30. nov 2012 In 2011 the use of QR code seemed to explode. It was a magic spell, a funnel to more visitors to the web site - Accio Visitors. Or was it just that cool that the lemmings started to move again.
QR codes are in the theory a very strong concept: Click (analogue shutter sound) and automatically jump to the web site! An imidiate ease-of-use that most web users are longing for. Unfortunately the concept also has spikes pointing i all directions. Any use of the codes are relying on that the users have positive experiences using them. With too many bad experiences, the customers would be less inclined to click-and-go to the web site. That is very tough odds. In the last month I have click-scanned myself to web sites via a pretty large part of the QR codes I’ve met. The issues to deal with about the codes are still:
1. The web site becomes anonymous
There’s no learning bonus from the QR code link. I may come to wil.dk, but I don’t have the url as a reference. I haven’t really noticed which website url, and may not be able to refind the web site later.
2. The url is secret
I’m increasingly not aware of which url, I’m visiting, sometimes there’s even an intermediate url before the final web site.
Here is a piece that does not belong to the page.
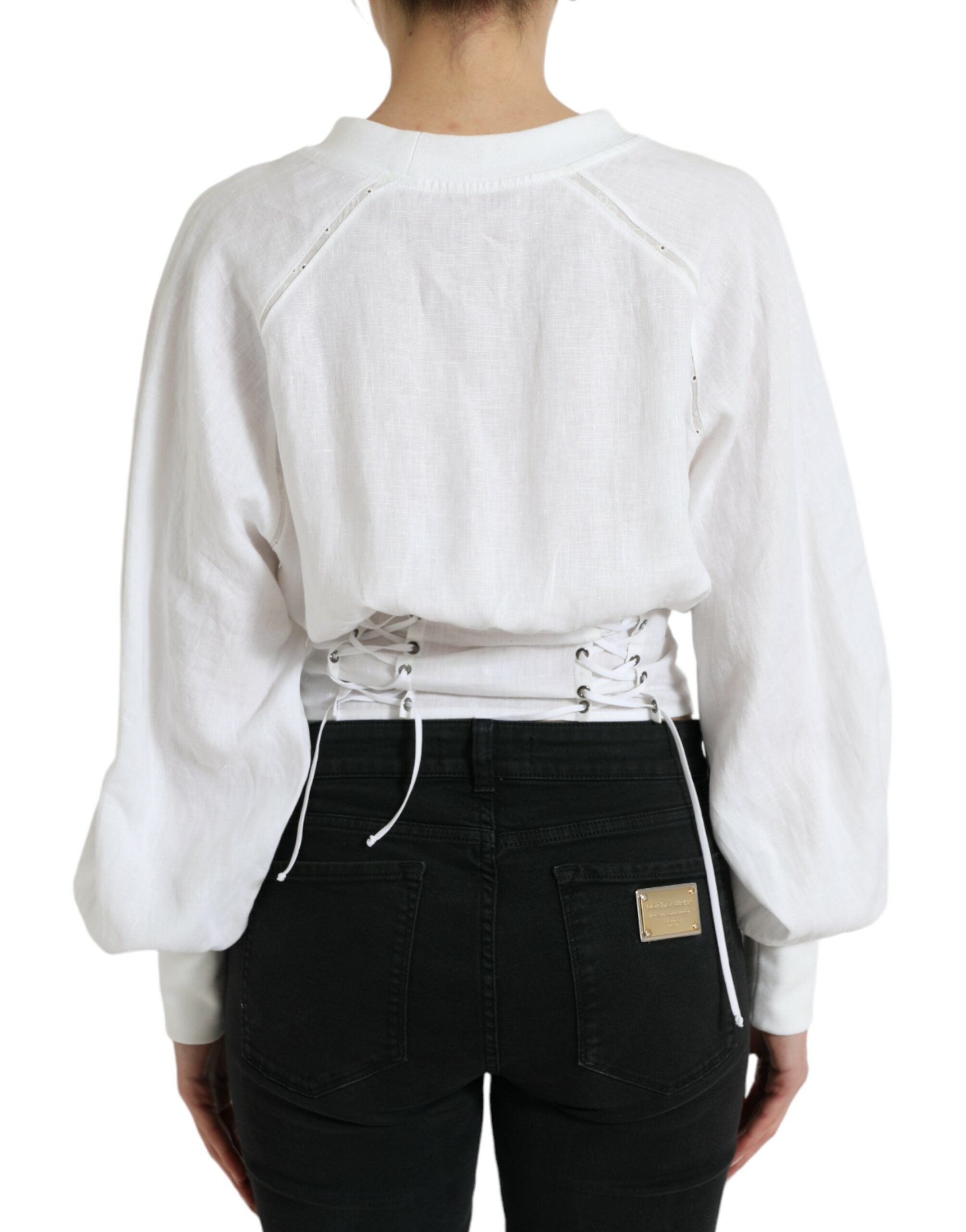 Dolce & Gabbana White Cotton Corset Cropped Long Sleeves Topclothing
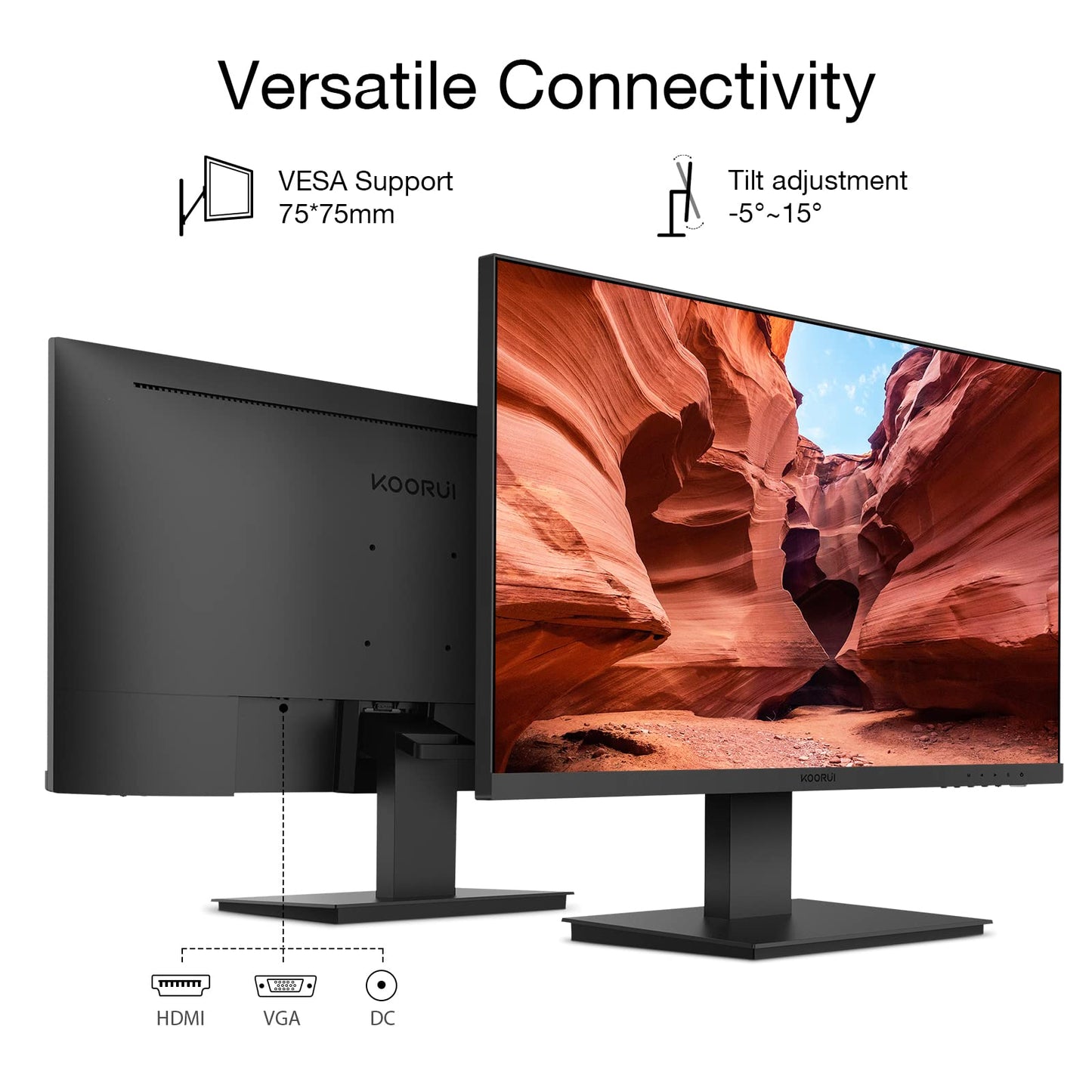KOORUI Gaming Monitor 27 Zoll, 170Hz, IPS, 2K QHD(2560 x 1440p), HDR 400, 1ms, Adaptive Sync, DisplayPort, HDMI, 100% sRGB, Höhenverstellbar, Augenpflege, VESA 75x75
Mostly this work nice and seamless, but the risk of fishing (or future scams) is obvious the more I accustomed get to just follow covered links. (➜ It looks like a mail from the agricultural association).
3. Landing page not for mobile
The mobile is for obvious reasons the far most used access to the QR codes. Yet, still many landing pages are not built for mobiles, some even using Flash. Often said to be for economical reasons – it’s a frivolous use of QR codes.